报告题目:基于强化学习的移动数据卸载抗智能攻击技术
Mobile devices, such as smartphones, can offload applications and data to the cloud via access points or base stations to reduce energy consumption and improve user experience. However, mobile offloading is vulnerable to smart attackers that use smart and programmable radio devices, such as universal software radio peripherals, to perform multiple types of attacks, such as spoofing and jamming, based on the radio environment and offload transmissions. In this paper, a mobile offload game is investigated that consists of three players: a mobile device that chooses its offloading rate, a smart attacker that determines its attack mode, and a security agent that decides whether or not to initiate full protection for the serving access point during the offloading.

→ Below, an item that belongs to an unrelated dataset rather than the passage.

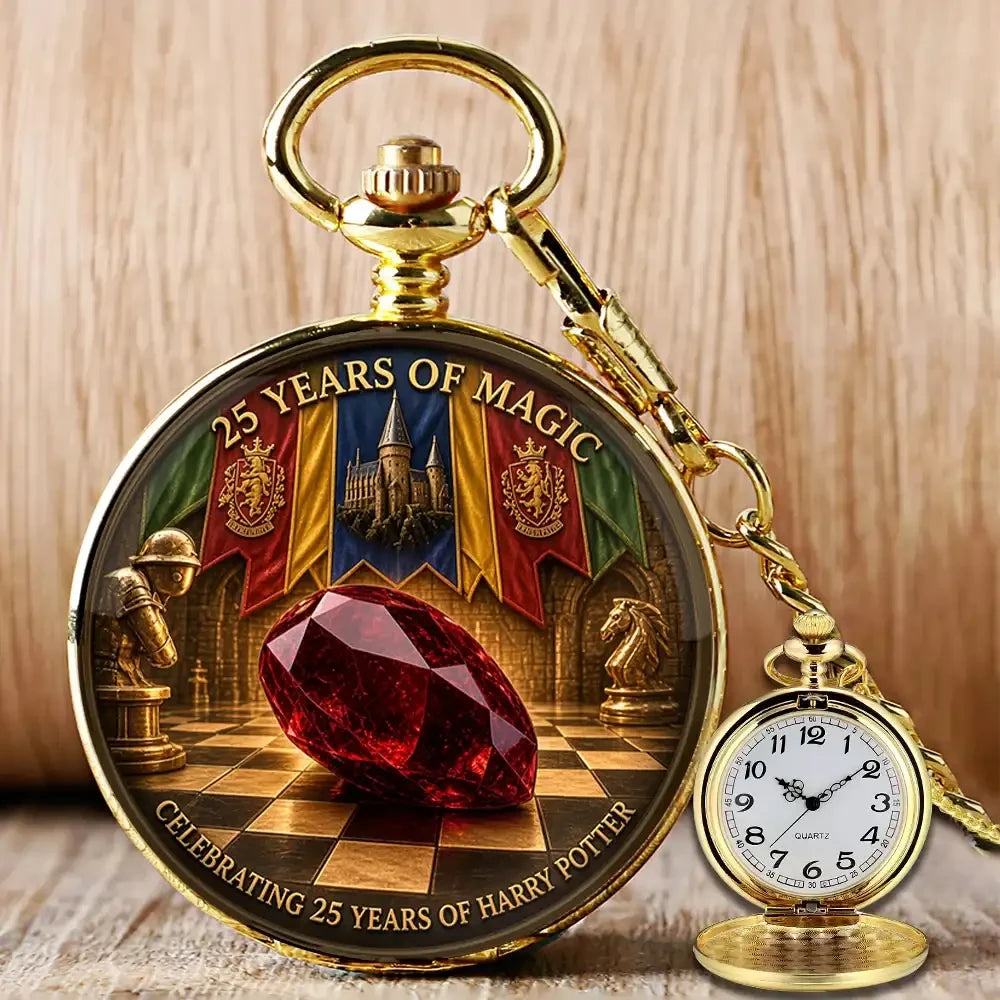 Harry Potter 25 Years of Magic Celebrating 25 Years Magical Pocket Watch Harry Potter Merch - Merchluma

Nash and Stackelberg equilibria of the offloading game are derived and their existence conditions are discussed. A Q-learning-based mobile offloading strategy is proposed for mobile devices that are unaware of system parameters, such as the channel conditions, in dynamic radio environments. Simulation results show that the proposed offloading strategy can improve the utility of the mobile device and reduce the attack rate of smart attackers.